* This review contains spoilers if you haven't watched the complete Avatar: The Last Airbender TV series.
By Gene Luen Yang (Script), Gurihiru (Art)
Publisher: Dark Horse Books
To Sum It Up: With the help of his friends, Avatar Aang finally brought an end to the war. But there’s growing unrest in the Earth Kingdom, where Fire Nation colonists who have been ordered to return to the Fire Nation are prepared to defend their homes and their way of life. Newly crowned Fire Lord Zuko wages a fierce internal battle with himself on how to handle the situation and is ever fearful of becoming like his father. As conflict between the Earth Kingdom and the Fire Nation seems inevitable, it’s up to Aang to find a peaceful solution once more.

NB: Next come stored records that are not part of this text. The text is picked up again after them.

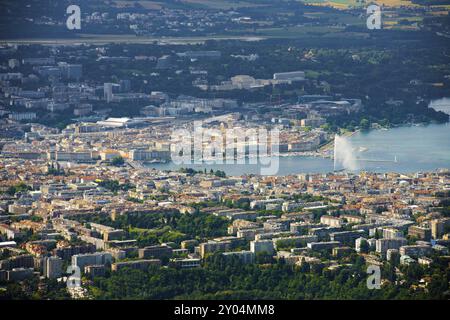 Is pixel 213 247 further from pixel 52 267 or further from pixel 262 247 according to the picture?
pixel 52 267

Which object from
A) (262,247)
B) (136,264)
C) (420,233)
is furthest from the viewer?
(420,233)

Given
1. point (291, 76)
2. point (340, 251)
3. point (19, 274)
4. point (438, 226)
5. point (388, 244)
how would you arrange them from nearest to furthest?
point (19, 274), point (340, 251), point (388, 244), point (438, 226), point (291, 76)

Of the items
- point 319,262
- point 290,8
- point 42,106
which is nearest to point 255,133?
point 42,106

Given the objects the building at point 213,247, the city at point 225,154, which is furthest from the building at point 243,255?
the building at point 213,247

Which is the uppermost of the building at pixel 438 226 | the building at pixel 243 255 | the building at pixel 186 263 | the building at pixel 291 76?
the building at pixel 186 263

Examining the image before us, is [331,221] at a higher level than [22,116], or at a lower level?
higher

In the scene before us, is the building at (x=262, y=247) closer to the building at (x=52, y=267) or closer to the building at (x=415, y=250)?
the building at (x=415, y=250)

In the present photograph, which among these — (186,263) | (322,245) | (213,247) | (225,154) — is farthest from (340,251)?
(225,154)

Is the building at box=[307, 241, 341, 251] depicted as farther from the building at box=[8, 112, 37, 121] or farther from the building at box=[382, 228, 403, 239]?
the building at box=[8, 112, 37, 121]

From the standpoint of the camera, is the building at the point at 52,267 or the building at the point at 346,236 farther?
the building at the point at 346,236

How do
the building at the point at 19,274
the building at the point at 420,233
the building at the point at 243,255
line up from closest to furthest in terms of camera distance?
the building at the point at 19,274 → the building at the point at 243,255 → the building at the point at 420,233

Review: WARNING: lots and lots of fangirling ahead! I can’t help it—Avatar: The Last Airbender is my current obsession, and said obsession knows no satiety. So it’s very, very fortunate that graphic novels like The Promise exist, because I’ve now seen all of the Avatar episodes but still need more, more, MORE!
The Promise picks up where the TV series left off. Aang and Zuko (my absolute FAVORITE character. LOVE. HIM.) are working together to restore peace throughout the nations, but there’s trouble a-brewing in the Fire Nation colonies in the Earth Kingdom. To the colonists, they are home, and when they’re ordered to leave the Earth Kingdom to go “home” to the Fire Nation, they are not receptive to the plan. While watching the TV series, I was constantly in awe of the depth and complexity of the story lines, and the main plot of The Promise is every bit as profound as any you’ll find in an Avatar episode. Just because Aang defeated Zuko’s father, Ozai, at the end of the TV series doesn’t mean that the Avatar crew’s work is finished. Undoing all the years of the Fire Nation’s rule isn’t accomplished overnight, and it presents an especially heavy burden for the new Fire Lord, Zuko, on both a political and personal level.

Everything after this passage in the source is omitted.